Stored data Start Marker
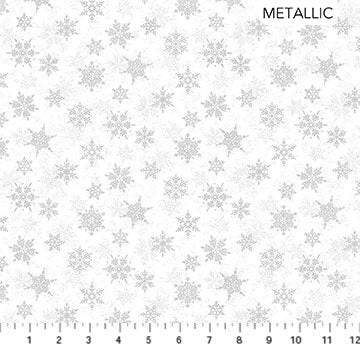 Shimmer Frost Small Snowflake Silver & White Metallic Deborah Edwards Northcott Cotton Fabric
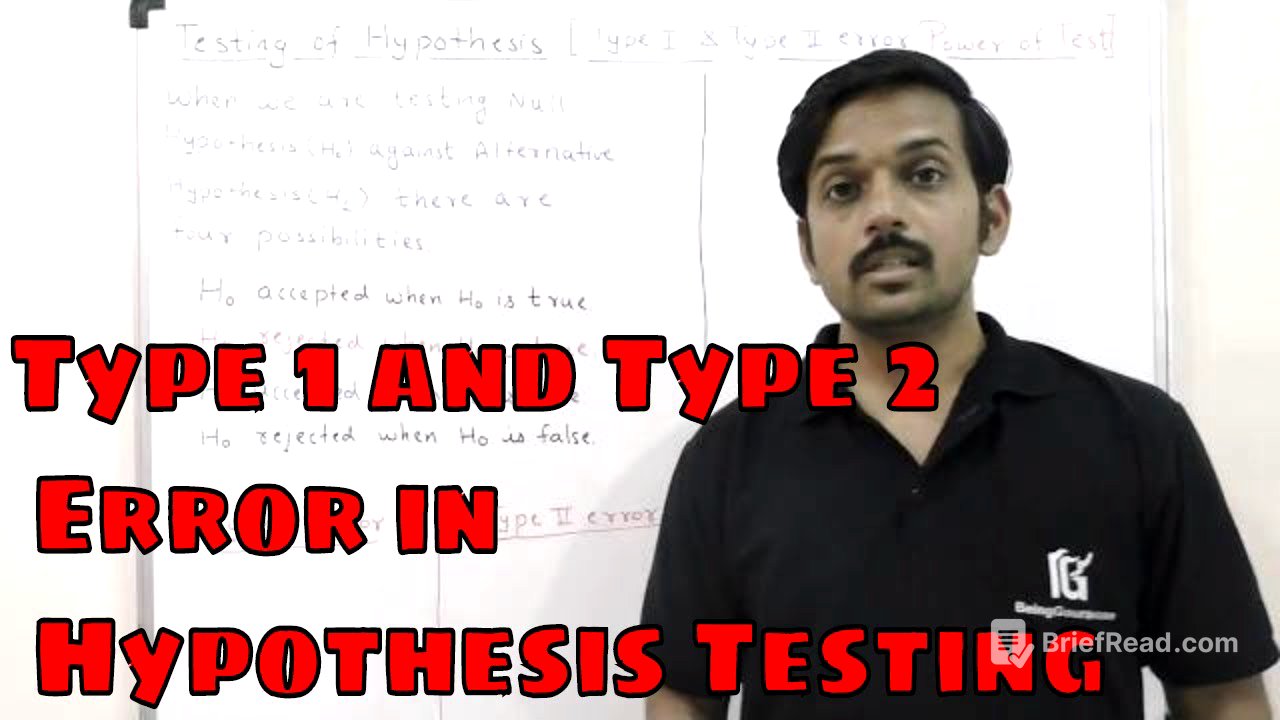 Type 1 and Type 2 Error Statistics in Hindi | Power of test  |Hypothesis Testing |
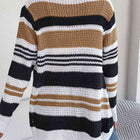 Striped Open Front Long Sleeve Cardigan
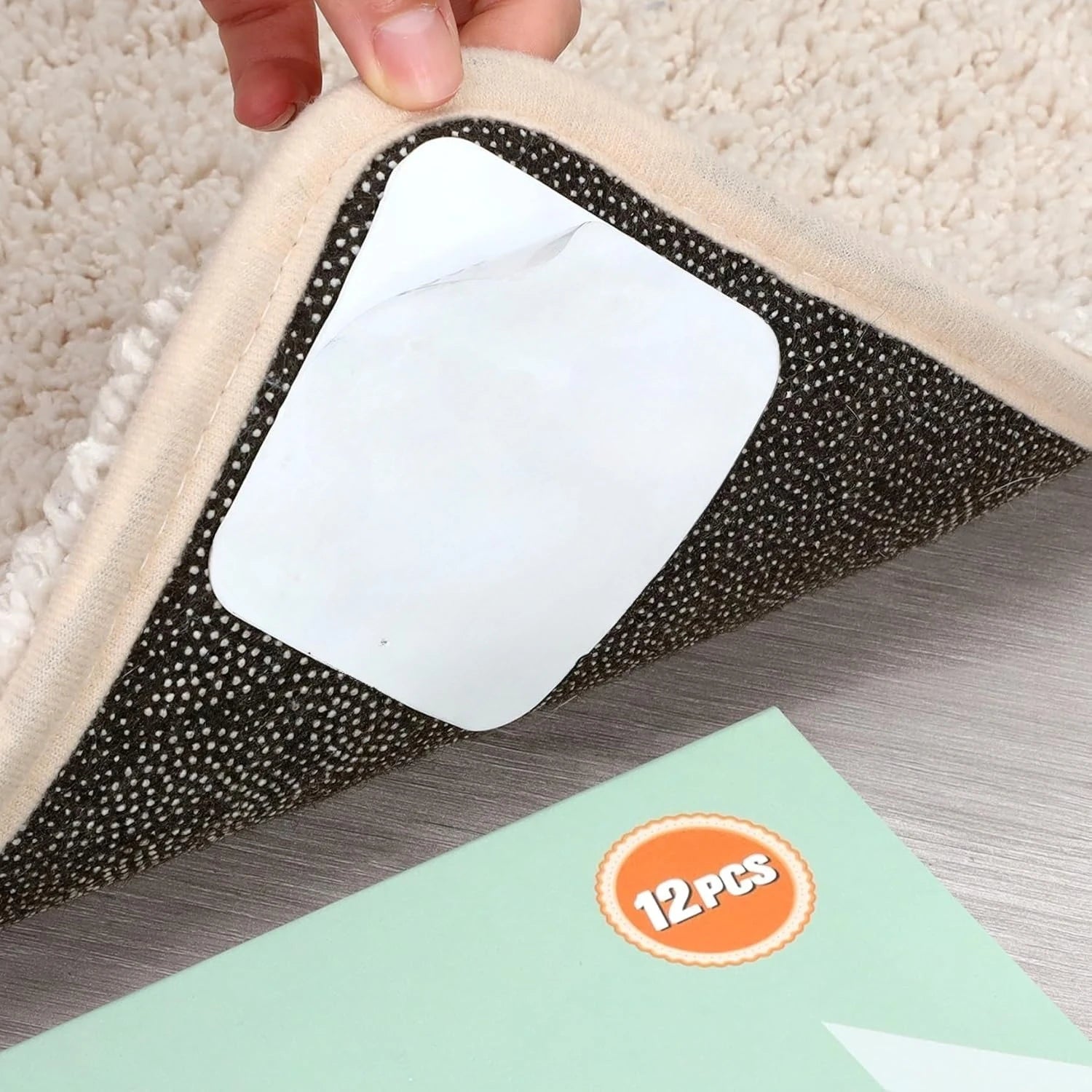 12pcs Home Techpro Double Sided Rug Pad Gripper for Hardwood Floors No Damage,Non Slip Rug Pads, Under Rug Carpet Tape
Stored data End Marker
- _Problem to solve_
Leaving the pictures out, copy exactly the lines from the line that contains "Type 1 and Type" to the last line of the data, both ends included.

- _Completed task_
 Type 1 and Type 2 Error Statistics in Hindi | Power of test  |Hypothesis Testing |
 Striped Open Front Long Sleeve Cardigan
 12pcs Home Techpro Double Sided Rug Pad Gripper for Hardwood Floors No Damage,Non Slip Rug Pads, Under Rug Carpet Tape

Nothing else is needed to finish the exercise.